» Assignment
Return, in their exact form, the lines that lie between the start of the data below and the line containing "GrandCA HOME Set", with both ends included.

Start of Data shown

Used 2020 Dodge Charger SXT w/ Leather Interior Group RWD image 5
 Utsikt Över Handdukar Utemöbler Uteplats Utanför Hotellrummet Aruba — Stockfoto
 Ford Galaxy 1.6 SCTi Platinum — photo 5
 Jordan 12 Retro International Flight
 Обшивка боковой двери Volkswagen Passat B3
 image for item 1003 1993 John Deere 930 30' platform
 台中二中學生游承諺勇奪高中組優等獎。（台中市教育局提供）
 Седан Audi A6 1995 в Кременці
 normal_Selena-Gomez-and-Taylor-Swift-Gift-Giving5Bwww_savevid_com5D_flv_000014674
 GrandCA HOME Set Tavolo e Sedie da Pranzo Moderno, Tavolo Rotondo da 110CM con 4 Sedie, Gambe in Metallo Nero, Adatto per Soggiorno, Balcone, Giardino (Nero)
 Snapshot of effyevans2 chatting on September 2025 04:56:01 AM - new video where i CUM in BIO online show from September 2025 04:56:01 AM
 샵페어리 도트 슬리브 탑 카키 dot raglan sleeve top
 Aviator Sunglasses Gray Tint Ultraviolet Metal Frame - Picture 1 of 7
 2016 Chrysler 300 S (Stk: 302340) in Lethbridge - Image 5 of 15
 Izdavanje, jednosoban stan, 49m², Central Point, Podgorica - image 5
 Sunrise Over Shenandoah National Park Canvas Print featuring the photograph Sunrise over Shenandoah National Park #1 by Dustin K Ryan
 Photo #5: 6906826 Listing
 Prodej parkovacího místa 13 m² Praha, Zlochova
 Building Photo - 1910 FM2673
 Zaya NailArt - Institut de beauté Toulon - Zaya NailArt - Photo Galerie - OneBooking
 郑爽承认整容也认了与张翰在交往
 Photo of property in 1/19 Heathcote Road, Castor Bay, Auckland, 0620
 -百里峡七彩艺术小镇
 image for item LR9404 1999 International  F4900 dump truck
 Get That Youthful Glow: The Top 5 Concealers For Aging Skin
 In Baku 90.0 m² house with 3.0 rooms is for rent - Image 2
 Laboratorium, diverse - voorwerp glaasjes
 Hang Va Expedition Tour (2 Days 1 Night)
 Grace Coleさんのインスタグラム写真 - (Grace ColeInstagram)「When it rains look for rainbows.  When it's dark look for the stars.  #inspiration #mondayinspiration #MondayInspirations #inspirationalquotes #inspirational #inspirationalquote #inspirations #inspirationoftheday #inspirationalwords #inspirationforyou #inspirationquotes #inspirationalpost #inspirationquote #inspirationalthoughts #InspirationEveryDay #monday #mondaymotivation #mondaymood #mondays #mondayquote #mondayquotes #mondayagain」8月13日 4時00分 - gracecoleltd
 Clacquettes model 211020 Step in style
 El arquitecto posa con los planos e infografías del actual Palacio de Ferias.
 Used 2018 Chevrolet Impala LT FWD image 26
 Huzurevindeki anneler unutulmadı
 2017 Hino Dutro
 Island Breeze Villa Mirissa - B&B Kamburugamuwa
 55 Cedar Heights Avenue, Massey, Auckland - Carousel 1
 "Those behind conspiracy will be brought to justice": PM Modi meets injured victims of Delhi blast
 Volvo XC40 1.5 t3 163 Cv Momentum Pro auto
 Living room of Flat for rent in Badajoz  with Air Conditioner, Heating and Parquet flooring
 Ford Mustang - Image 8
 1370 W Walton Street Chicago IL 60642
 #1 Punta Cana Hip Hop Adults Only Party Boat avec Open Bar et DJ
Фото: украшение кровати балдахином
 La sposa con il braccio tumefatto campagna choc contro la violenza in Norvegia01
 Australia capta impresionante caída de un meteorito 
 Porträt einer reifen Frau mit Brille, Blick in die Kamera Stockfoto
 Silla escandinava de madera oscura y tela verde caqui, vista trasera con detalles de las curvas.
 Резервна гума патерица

End of Data shown

» The answer
Used 2020 Dodge Charger SXT w/ Leather Interior Group RWD image 5
 Utsikt Över Handdukar Utemöbler Uteplats Utanför Hotellrummet Aruba — Stockfoto
 Ford Galaxy 1.6 SCTi Platinum — photo 5
 Jordan 12 Retro International Flight
 Обшивка боковой двери Volkswagen Passat B3
 image for item 1003 1993 John Deere 930 30' platform
 台中二中學生游承諺勇奪高中組優等獎。（台中市教育局提供）
 Седан Audi A6 1995 в Кременці
 normal_Selena-Gomez-and-Taylor-Swift-Gift-Giving5Bwww_savevid_com5D_flv_000014674
 GrandCA HOME Set Tavolo e Sedie da Pranzo Moderno, Tavolo Rotondo da 110CM con 4 Sedie, Gambe in Metallo Nero, Adatto per Soggiorno, Balcone, Giardino (Nero)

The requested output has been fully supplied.